A felicidade das crianças é um assunto relativamente recente na vida das famílias e nas conversas de mães. Antigamente as preocupações eram apenas sobre a saúde física, os estudos e como equilibrar as contas com mais um membro na família. Não se olhava para os sentimentos dessa criança e acreditava-se que criança era naturalmente feliz. A infância por si só se encarregava disso.
Muitas das crianças daquela geração cresceram, tornaram-se pais e mães e por terem essa lacuna da felicidade infantil, somada a novos estudos e práticas de parentalidade, passaram a olhar para essa temática sob outra perspectiva. Passamos a nos preocupar com a felicidade de nossos pequenos (ainda bem).
Mas o que será que faz nossos filhos felizes?

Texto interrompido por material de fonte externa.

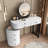 Modern Dressing Table With Detachable Mirror, Triple - Color Lighting For Clear Visibility, Three Drawer Storage On Main And Side, Reversible Side Bedroom, Adjustable To Bedroom Layout, White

Um estudo no Brasil em 2014, com 200 crianças de 5 a 12 anos, de escolas públicas e privadas, avaliou qual é o conceito de felicidade em crianças. Pela voz das próprias crianças, a felicidade é associada principalmente a sentimentos, lazer, família, amizades, necessidades básicas/desejos, escola, não violência e ações morais, nesta ordem de prevalência (Tabela 1). Entre as respostas dadas por meninas e meninos, foram observados duas diferenças significativas. Para as meninas a felicidade está associada primeiramente a sentimentos e emoções positivas, enquanto para os meninos a principal menção são os conteúdos de lazer, atividades físicas e divertidas. Outro resultado interessante deste estudo, é que as crianças da faixa etária de 9 a 10 anos foram as que mais mencionaram a família como o conceito de felicidade. Os autores atribuem isso dois pontos: crianças de idades maiores são capazes de entender conceitos mais abstratos, como “família”, para darem suas respostas; a aproximação da adolescência permite que elas vejam os defeitos dos pais, e não mais no lugar idealizados da idades menores, e daí a associação dessas figuras com a felicidade (ou com a falta dela) (GIACOMONI; SOUZA, HUTZ, 2014).

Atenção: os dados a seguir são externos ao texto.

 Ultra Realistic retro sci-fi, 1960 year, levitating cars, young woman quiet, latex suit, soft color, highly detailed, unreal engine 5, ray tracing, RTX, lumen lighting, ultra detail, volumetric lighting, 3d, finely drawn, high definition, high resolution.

Fonte: GIACOMONI; SOUZA, HUTZ, 2014.
Outro grupo de pesquisadores, agora na Itália, fizeram uma revisão em 2022 de 124 estudos para identificar associações relevantes entre o funcionamento familiar e a felicidade de crianças e adolescentes. Os estudos examinados destacaram que o aumento da coesão familiar e da adaptabilidade, ou seja, práticas familiares positivas, foram associados a níveis mais elevados de felicidade em crianças e adolescentes. Os autores apontam ainda que, tanto meninas como meninos, consideram que a comunicação positiva com seus pais está diretamente associada ao aumento da felicidade. Para os adolescentes, poder se expressar livremente dentro de casa está associado com a maior satisfação na vida. (IZZO; BAIOCCO; PISTELLA, 2022).

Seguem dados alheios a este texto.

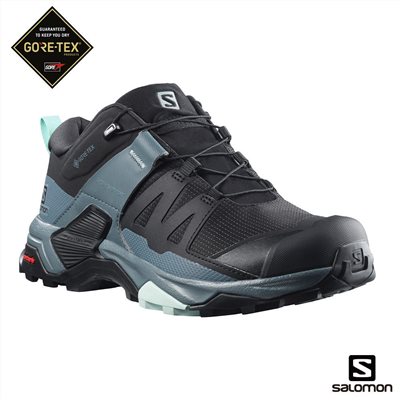 Salomon 女 X ULTRA 4 Goretex 低筒登山鞋 L41289600 黑暴綠/乳白/藍綠 健行鞋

É curioso notar que em nenhum destes estudos foi apontado como fatores de promoção da felicidade em crianças e adolescentes práticas como ter um carro maior, uma casa mais bonita, tonelada de brinquedos colecionáveis, festa de aniversário com presença de toda a Disneylândia, mais dinheiro para família ou mães sobrecarregadas para dar conta de tudo isso.
Nossos filhos querem presença, momentos, diversão, segurança e espaço para serem eles mesmos.
Não estou dizendo que oferecer todas essas coisas é errado e traz infelicidade para nossas casas. Muito pelo contrário, são coisas que nos trazem conforto (fora a parte da mãe sobrecarregada). Que bom quando podemos proporcionar isso a eles, e também a nós. Mas meu ponto aqui é, onde estamos concentrando nossas energias? Será que nossas preocupações e empenhos estão sendo colocados nos caminhos que de fato vão levar nossos filhos para esse lugar de maior felicidade?
Eu não tenho a resposta certa (e bem na verdade não sei se ela existe). Mas acredito que cabe a cada uma de nós refletir sobre tudo isso, e talvez mudarmos um pouco nosso foco e nos concentrarmos naquilo que nossos filhos estão de fato nos pedindo.
Referências:
GIACOMONI, C. H.; SOUZA, L. K; HUTZ, C. S. O conceito de felicidade em crianças. Psico-USF, 19 (1), 2014.
IZZO, F; BAIOCCO, R., PISTELLA, J. Children’s and Adolescents’ Happiness and Family Functioning: A Systematic Literature Review. Int. J. Environ. Res. Public Health, 16, 2022.